There was a time when consulting projects came in very specific shapes and only fit into the same-shaped hole.
If you had a strategy project you gave it to a strategy firm like McKinsey or BCG. If you wanted to outsource a load of your IT, you called Accenture, or maybe someone like Capgemini. If you had a financial management issue, you turned to the Big Four. Round peg, round hole. Square peg, square hole.
Digital transformation changed all that. The first thing it did was pick up the strategy and technology worlds and smash them together, until working out where one ended and the other began was almost impossible. Then it created demand for capabilities that no consulting firm really had—like the development of digital interfaces between organization and customer. Finally, it spilled over from the front office to the back office as the implications of all that customer-oriented work on the processes that sat behind them became clearer.

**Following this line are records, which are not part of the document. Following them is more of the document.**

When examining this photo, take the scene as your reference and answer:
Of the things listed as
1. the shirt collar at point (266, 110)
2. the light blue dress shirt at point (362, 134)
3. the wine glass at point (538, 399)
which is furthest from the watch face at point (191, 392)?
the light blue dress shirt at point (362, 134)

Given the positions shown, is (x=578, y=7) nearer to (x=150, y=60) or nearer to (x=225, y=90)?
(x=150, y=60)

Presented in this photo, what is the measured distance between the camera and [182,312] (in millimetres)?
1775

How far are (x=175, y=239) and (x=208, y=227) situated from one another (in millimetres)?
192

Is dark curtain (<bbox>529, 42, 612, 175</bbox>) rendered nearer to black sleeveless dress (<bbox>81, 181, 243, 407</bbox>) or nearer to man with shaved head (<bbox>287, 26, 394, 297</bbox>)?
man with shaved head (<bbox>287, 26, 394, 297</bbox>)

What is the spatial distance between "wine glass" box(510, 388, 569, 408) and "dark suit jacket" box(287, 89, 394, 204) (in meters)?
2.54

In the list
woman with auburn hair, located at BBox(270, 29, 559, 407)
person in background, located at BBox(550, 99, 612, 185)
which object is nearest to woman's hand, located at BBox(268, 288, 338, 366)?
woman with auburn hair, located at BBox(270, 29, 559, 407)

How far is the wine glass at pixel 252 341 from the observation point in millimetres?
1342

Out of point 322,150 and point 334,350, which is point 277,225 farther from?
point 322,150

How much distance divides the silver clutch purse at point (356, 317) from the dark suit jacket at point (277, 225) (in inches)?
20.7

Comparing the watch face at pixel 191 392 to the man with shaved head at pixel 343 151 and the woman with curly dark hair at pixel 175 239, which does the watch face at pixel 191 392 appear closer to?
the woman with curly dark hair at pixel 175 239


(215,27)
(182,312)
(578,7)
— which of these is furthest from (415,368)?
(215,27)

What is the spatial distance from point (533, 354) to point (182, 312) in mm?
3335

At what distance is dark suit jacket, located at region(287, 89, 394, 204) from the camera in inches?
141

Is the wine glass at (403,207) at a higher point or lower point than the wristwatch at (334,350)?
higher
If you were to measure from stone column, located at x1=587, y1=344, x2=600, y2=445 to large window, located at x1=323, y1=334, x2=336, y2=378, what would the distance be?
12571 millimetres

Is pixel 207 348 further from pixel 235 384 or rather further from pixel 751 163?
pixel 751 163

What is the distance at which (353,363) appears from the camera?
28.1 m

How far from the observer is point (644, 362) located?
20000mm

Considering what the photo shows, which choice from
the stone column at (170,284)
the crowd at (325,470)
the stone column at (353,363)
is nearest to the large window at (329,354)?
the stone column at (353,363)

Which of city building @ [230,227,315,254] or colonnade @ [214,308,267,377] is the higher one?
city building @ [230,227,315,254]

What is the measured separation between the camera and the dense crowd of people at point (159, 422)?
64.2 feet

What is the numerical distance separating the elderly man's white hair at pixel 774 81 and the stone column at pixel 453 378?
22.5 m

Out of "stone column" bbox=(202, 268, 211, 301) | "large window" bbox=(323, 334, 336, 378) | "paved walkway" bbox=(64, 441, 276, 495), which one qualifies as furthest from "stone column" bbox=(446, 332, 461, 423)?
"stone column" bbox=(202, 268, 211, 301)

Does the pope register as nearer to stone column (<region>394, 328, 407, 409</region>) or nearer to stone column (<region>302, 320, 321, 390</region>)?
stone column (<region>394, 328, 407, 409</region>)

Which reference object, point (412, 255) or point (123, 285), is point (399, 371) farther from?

The result is that all of the world’s leading consulting firms are now hybrids—you can hammer most shapes of project into most types of firm without much difficulty. And that’s leveled the playing field, to the extent that the three firms who own the biggest share of the digital transformation market—Deloitte, Accenture and McKinsey—come from very different backgrounds.
For the advisory practices of the Big Four the good news is that the door to digital riches is open to anyone. But so far only Deloitte has managed to walk through it with any great success—securing itself a 12 percent share of the digital transformation market globally. There are probably two main, and very different, reasons for this. The first is ambition: Deloitte arguably spotted the opportunity first and went after it with greater gusto than its rivals, building up its own technology credentials, moving early to snap up a strategy firm in the shape of the beleaguered Monitor, and touting its end-to-end credentials. Its rivals were simply off the pace. Being the only firm not to have divested its consulting practice during the early part of the last decade probably helped, too.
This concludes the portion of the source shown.